La tragedia jerezana, vista a lo lejos,
adornada con la hojarasca de la propaganda, enardeció aún más si cabe, las
esperanzas de los trabajadores.
En el Consejo de Guerra, las declaraciones
de procesados de la talla moral de Fermín
Salvoches o de Sánchez Rosa sirvieron como indicios de que la revolución
seguía su marcha ascendente y que si ahora había fracasado, en otra ocasión
triunfaría.
Cartas, folletos, periódicos, manifiestos
clandestinos mantenían viva la fe de aquellos infelices soñadores. La
propaganda política irradiaba por todo el ámbito nacional sin dejar atrás a ningún
pueblo o aldea por insignificante que fuese y, naturalmente, recaló también en
nuestra ciudad, en este villorio netamente obrero de la Baja Andalucía. Varios del barrio de San Felipe.
Una visita breve y una ojeada somera al
Centro nos permitiría descubrir una modesta biblioteca formada con libros y
folletos revolucionarios de filósofos, economistas, sociólogos e idealistas
como Kropotkin, Carlos Malato, Miguel Bakounin, Pedro Gori, Enrico Malatesta, Eliseo
Reclús, Carlos Marx, Proudhon, Spencer, etc. Junto con otros de origen Hispano
como Anselmo Lorenzo, Tárrida del Marmol, Ricardo Mella, Pi y Margall, etc.
Muchos etcéteras. Además, por si aún fuera poco había la persistente llovizna
de periódicos afectos a la revolución. También encontraríamos corros formados
en torno a improvisados oradores locales que con su propaganda mantenían
despierta las ansias redentoras de los trabajadores.
Era también muy frecuente celebrar mítines
y conferencias sin apenas motivos que los justificasen. Una simple asamblea
gremial, en la que se hablaba de todo menos de intereses profesionales,
igualmente se utilizaba para caldear el ambiente y verter por enésima vez en el
ánimo de los concurrentes los principios que inspiraban la revolución social.

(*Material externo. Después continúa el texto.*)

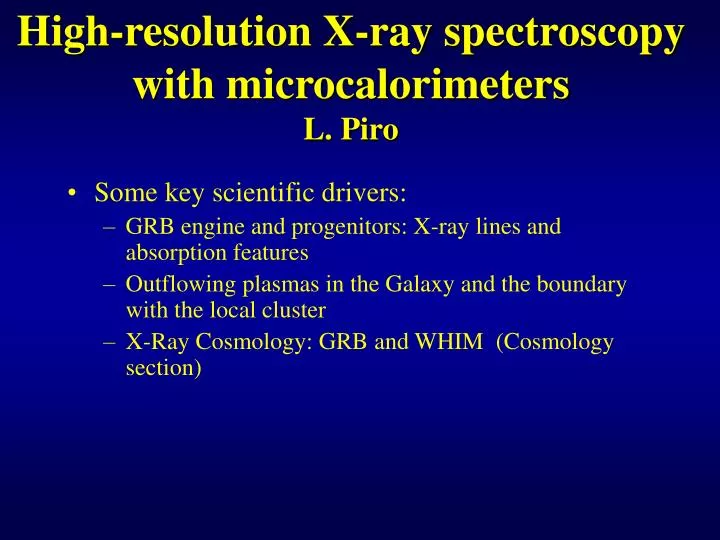 high resolution x ray spectroscopy with microcalorimeters l piro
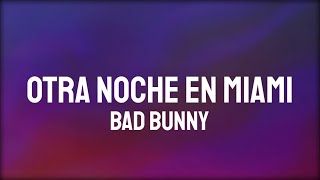 Bad Bunny - Otra Noche En Miami (Letra/Lyrics)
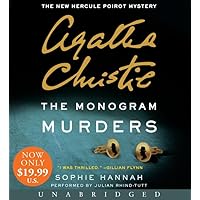 The Monogram Murders Low Price CD: The New Hercule Poirot Mystery (Hercule Poirot Mysteries) The Monogram Murders Low Price CD: The New Hercule Poirot Mystery (Hercule Poirot Mysteries) Audible Audiobook Kindle Paperback Hardcover Audio CD Mass Market Paperback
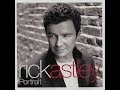 And I Love You So | Rick Astley 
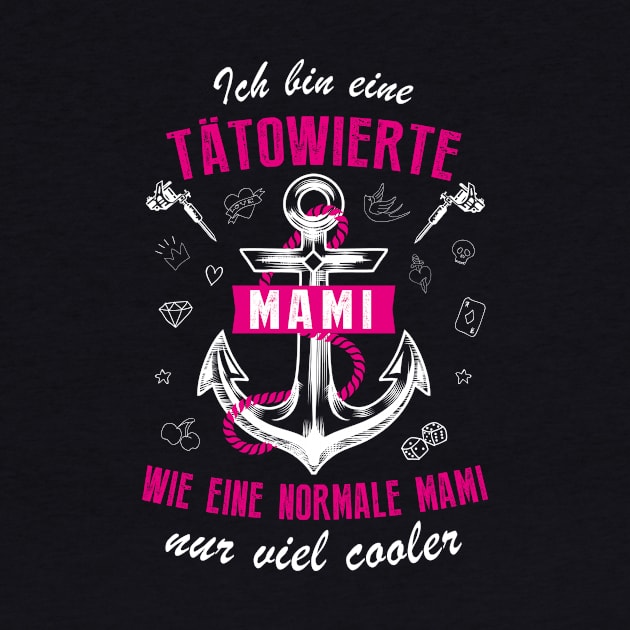 Tätowierte Mami II. by GermanStreetwear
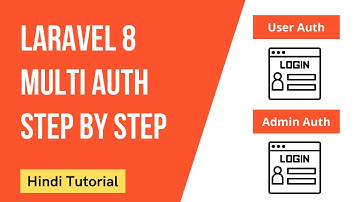 Laravel 8 Multi Auth Step by Step in Hindi | Normal User | Admin User | 2021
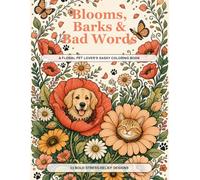 Blooms, Barks & Bad Words: A Floral Pet Lover's Sassy Coloring Book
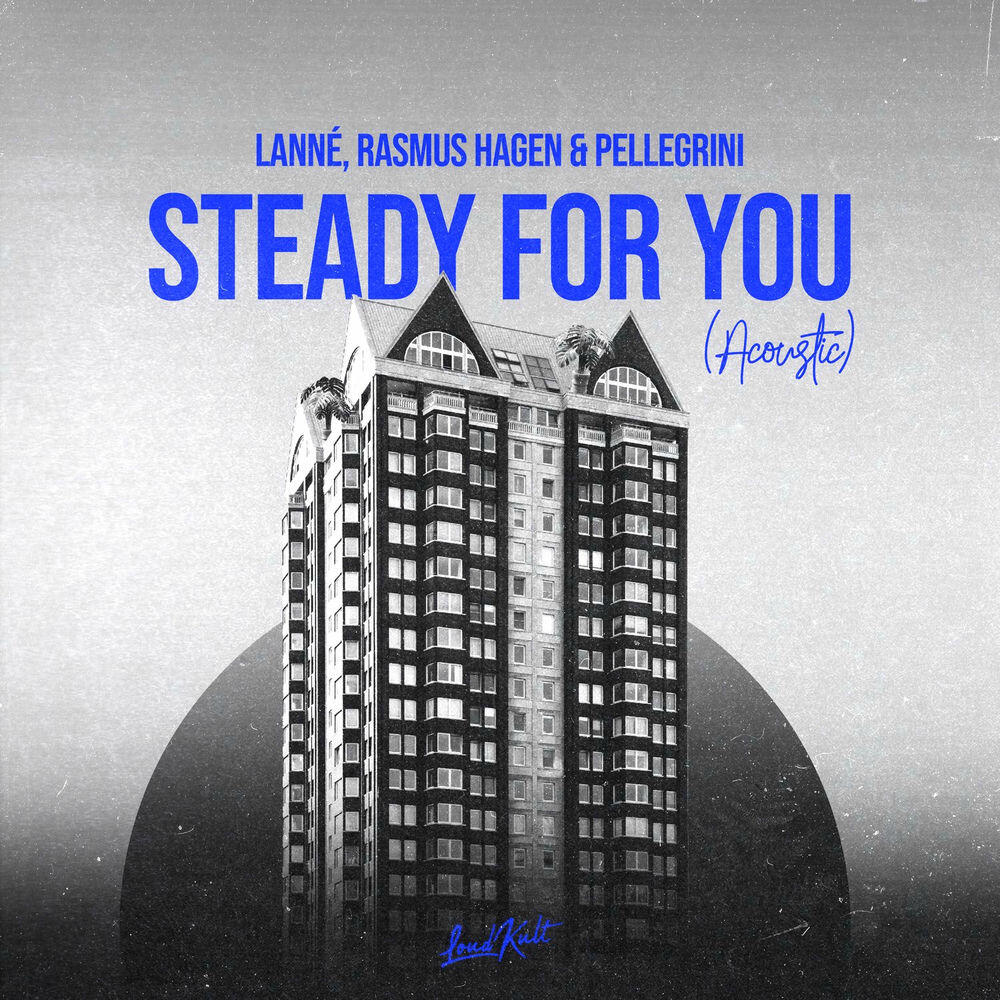 Релиз Steady for You (Acoustic)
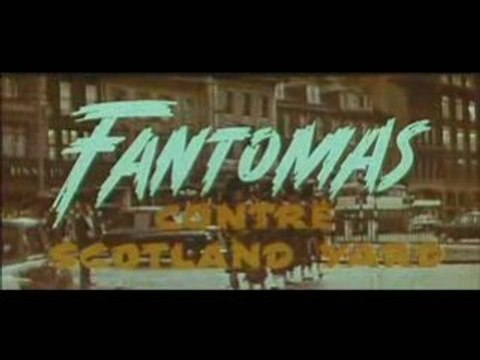 BANDE ANNONCE FANTOMAS CONTRE SCOTLAND TARD STEFGAMERS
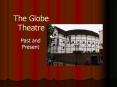 The Globe Theatre PowerPoint PPT Presentation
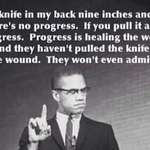 image for "If you stick a knife in my back nine inches and pull it out six inches, there's no progress. If you pull it all the way out that's not progress. Progress is healing the wound that the blow made. And they haven't even pulled the knife out much less heal the wound..." Malcolm-X [600x300]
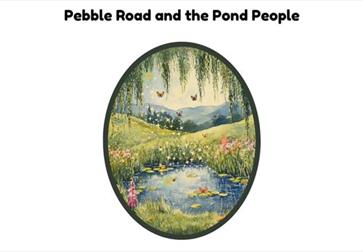 Pebble Road and the Pond People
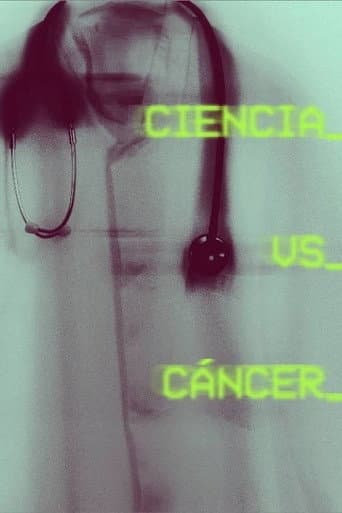 Poster for Ciencia vs. Cáncer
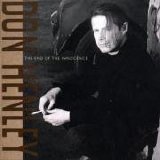 Don Henley - End of the Innocence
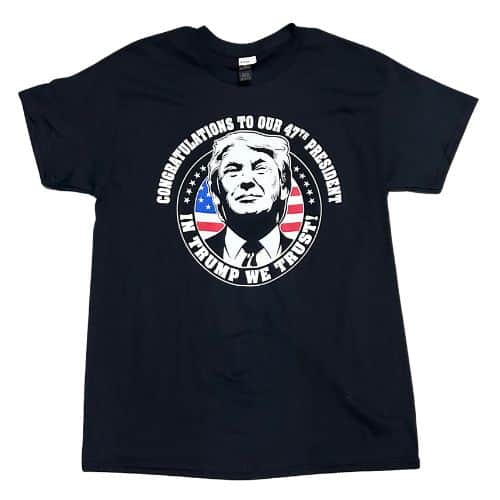 Donald Trump 47th President T-Shirt featuring 'In Trump We Trust' in bold typography on a sleek black background.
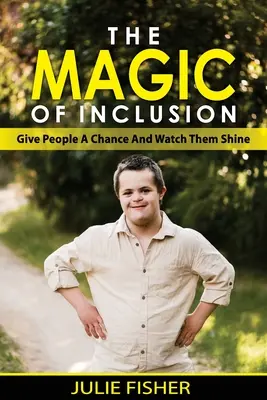 Kouzlo inkluze: Dejte lidem šanci a sledujte, jak zazáří. - The Magic Of Inclusion: Give People A Chance And Watch Them Shine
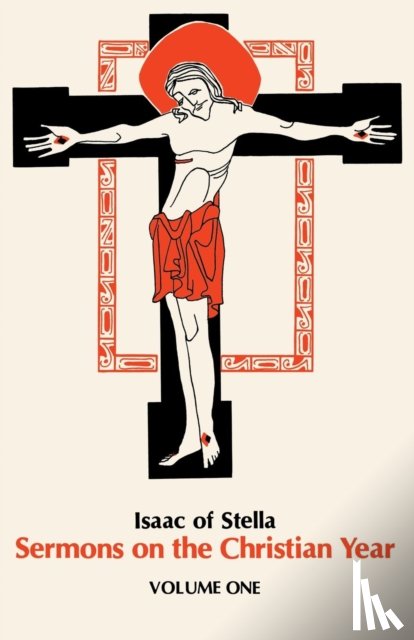 Isaac of Stella - Sermons on the Christian Year Volume One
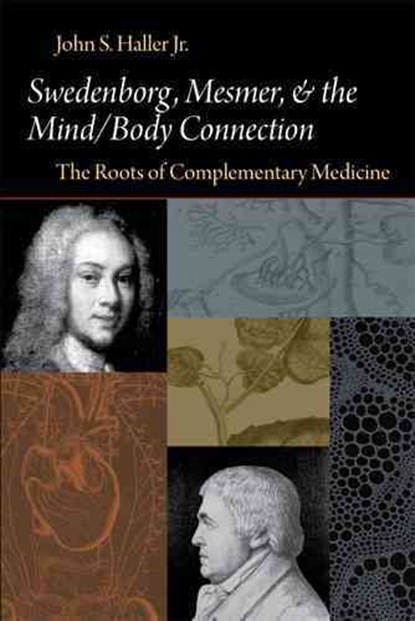 Swedenborg, Mesmer, and the Mind/Body Connection, John S. Haller - Gebonden - 9780877853312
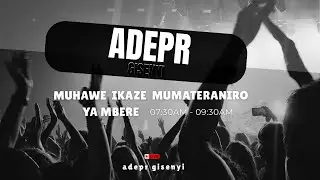 AMATERANIRO YA MBERE || ADEPR GISENYI || 17/08/2025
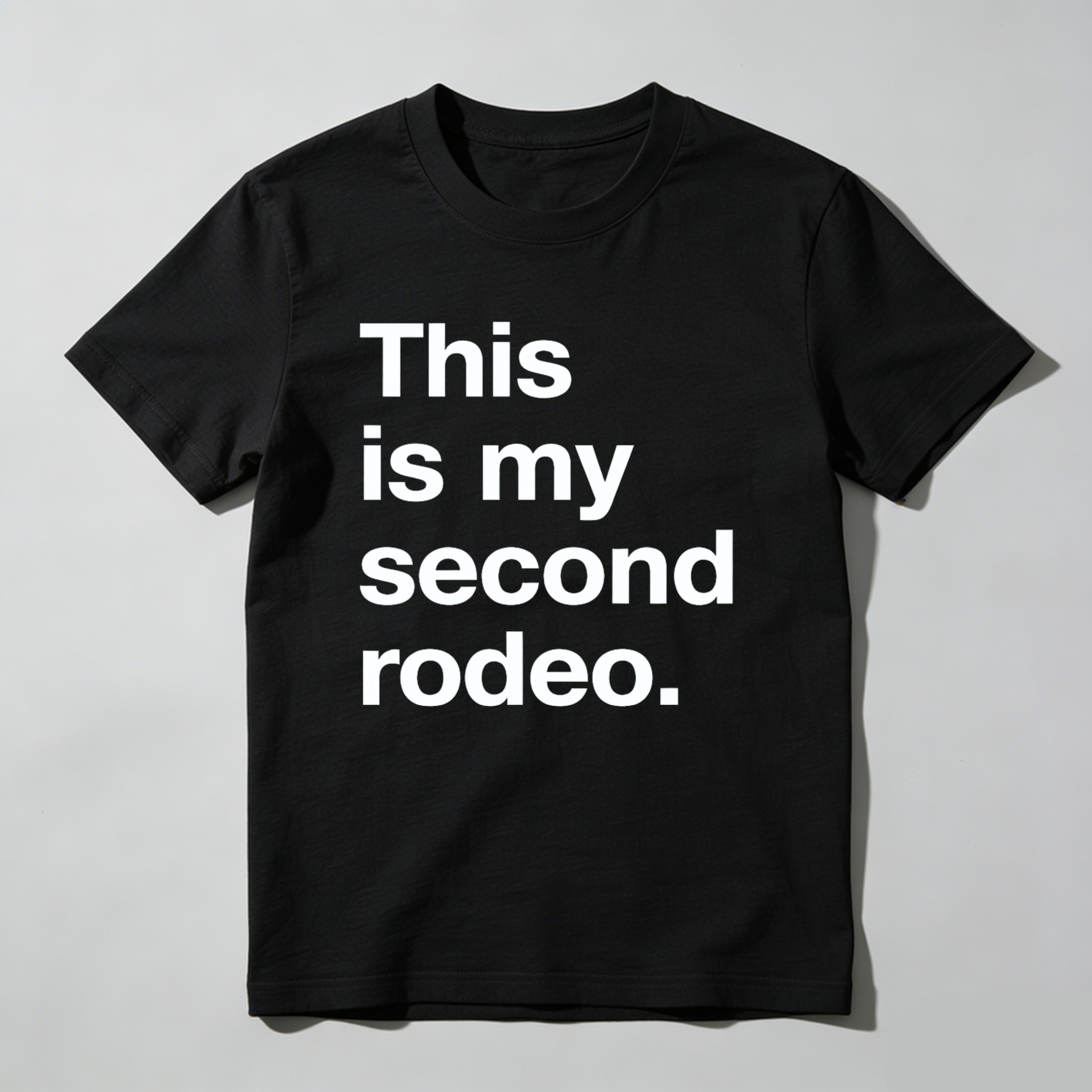 Dorawear™ This Is My Second Rodeo Pure Cotton Short Sleeve T Shirt-Dorawear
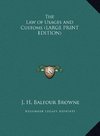The Law of Usages and Customs (LARGE PRINT EDITION)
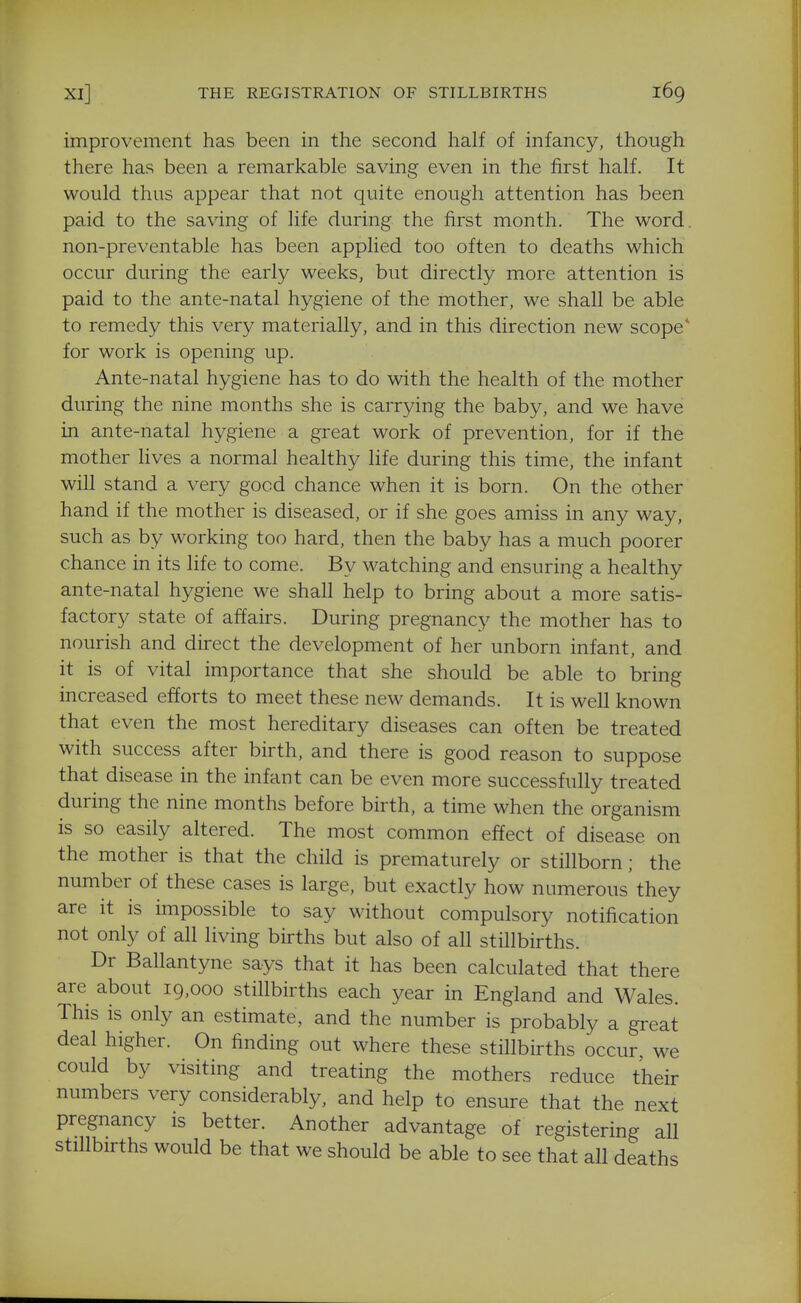 improvement has been in the second half of infancy, though there has been a remarkable saving even in the first half. It would thus appear that not quite enough attention has been paid to the saving of life during the first month. The word non-preventable has been applied too often to deaths which occur during the early weeks, but directly more attention is paid to the ante-natal hygiene of the mother, we shall be able to remedy this very materially, and in this direction new scope* for work is opening up. Ante-natal hygiene has to do with the health of the mother during the nine months she is carrying the baby, and we have in ante-natal hygiene a great work of prevention, for if the mother lives a normal healthy life during this time, the infant will stand a very good chance when it is born. On the other hand if the mother is diseased, or if she goes amiss in any way, such as by working too hard, then the baby has a much poorer chance in its life to come. By watching and ensuring a healthy ante-natal hygiene we shall help to bring about a more satis- factory state of affairs. During pregnancy the mother has to nourish and direct the development of her unborn infant, and it is of vital importance that she should be able to bring increased efforts to meet these new demands. It is well known that even the most hereditary diseases can often be treated with success after birth, and there is good reason to suppose that disease in the infant can be even more successfully treated during the nine months before birth, a time when the organism is so easily altered. The most common effect of disease on the mother is that the child is prematurely or stillborn; the number of these cases is large, but exactly how numerous they are it is impossible to say without compulsory notification not only of all living births but also of all stillbirths. Dr Ballantyne says that it has been calculated that there are about 19,000 stillbirths each year in England and Wales. This is only an estimate, and the number is probably a great deal higher. On finding out where these stillbirths occur, we could by visiting and treating the mothers reduce their numbers very considerably, and help to ensure that the next pregnancy is better. Another advantage of registering all stillbirths would be that we should be able to see that all deaths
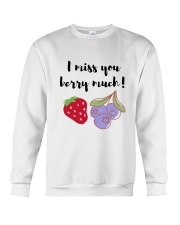 I miss you berry much Crewneck Sweatshirt thumbnail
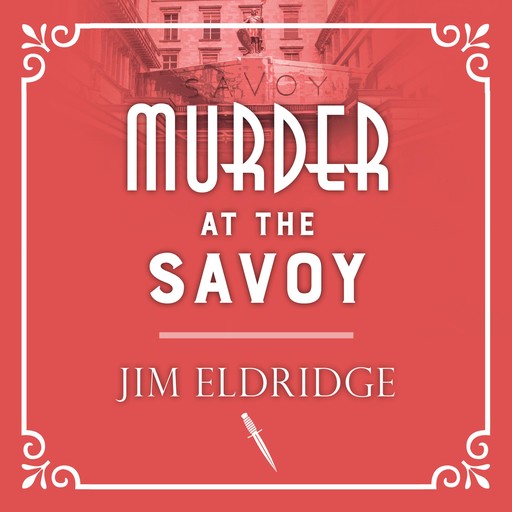 Murder at the Savoy, Jim Eldridge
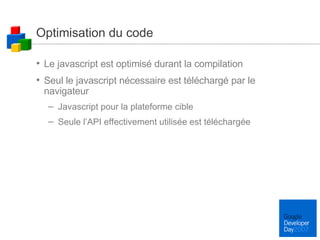 Optimisation du code Le javascript est optimisé durant la compilation Seul le javascript nécessaire est téléchargé par le navigateur Javascript pour la plateforme cible Seule l’API effectivement utilisée est téléchargée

La torrentera verbal electrizaba a los obreros haciéndolos peligrosos por
habérseles emborrachado el alma con promesas y sueños sociales que están muy
lejos de realizarse.
Este cuadro trazado torpemente a grandes
rasgos es una muestra del estado de ánimo reinante en todos los centros obreros
de la Península en aquellas fechas.
Como consecuencia, las autoridades linenses
se preguntaban entonces: ¿Por qué este
obrero que se porta en Gibraltar comedido y prudente, consecuente y
disciplinado, una vez que llega a La Línea, al regreso de su jornada laboral,
se torna díscolo, rebelde y amenazador? ¿Cuál es la razón que opera este cambio
tan profundo?
La pregunta permanece flotando sin que
hasta la fecha haya sido contestada con propiedad. Tres cuarto de siglo más
tarde sigue siendo una incógnita.
De esta forma llegamos a un cierto día del
mes de Octubre del año 1902, en que
la Junta Directiva del Centro Obrero
decidió organizar un mitin, o una asamblea general de las muchas celebradas por
simples motivos gremiales o propagandísticos, para la cual se cursó el trámite
necesario, es decir, se solicitó de la primera autoridad civil el permiso
correspondiente.
Por aquellos días era alcalde don Juan Bautista Fariñas, farmacéutico
establecido, hombre voluntarioso y muy enamorado de su propia política
municipal.
En el difícil arte de gobernar a los
pueblos, cualidades como las que poseía nuestro alcalde, aún siendo
importantes, no eran suficientes para estar a la altura que exige la misión
gobernativa. Es preciso prever todas las circunstancias, adelantarlas y
dominarlas para superar los acontecimientos que pudieran derivar. En otras
palabras, hay que ser oportuno, saber tomarle el pulso a la situación política
o social sin equivocarse, porque de lo contrario, el menor error o tibieza, en
un ambiente caldeado propenso a la agitación, puede producir funestos
resultados.
Y ahí fue donde se produjo el fallo. El
alcalde, habiendo calibrado precipitadamente el caso, negó el permiso para la
asamblea a última hora del día 9,
señalado en la convocatoria. El acto
habría de celebrarse en un local cerrado, en la Plaza de Toros.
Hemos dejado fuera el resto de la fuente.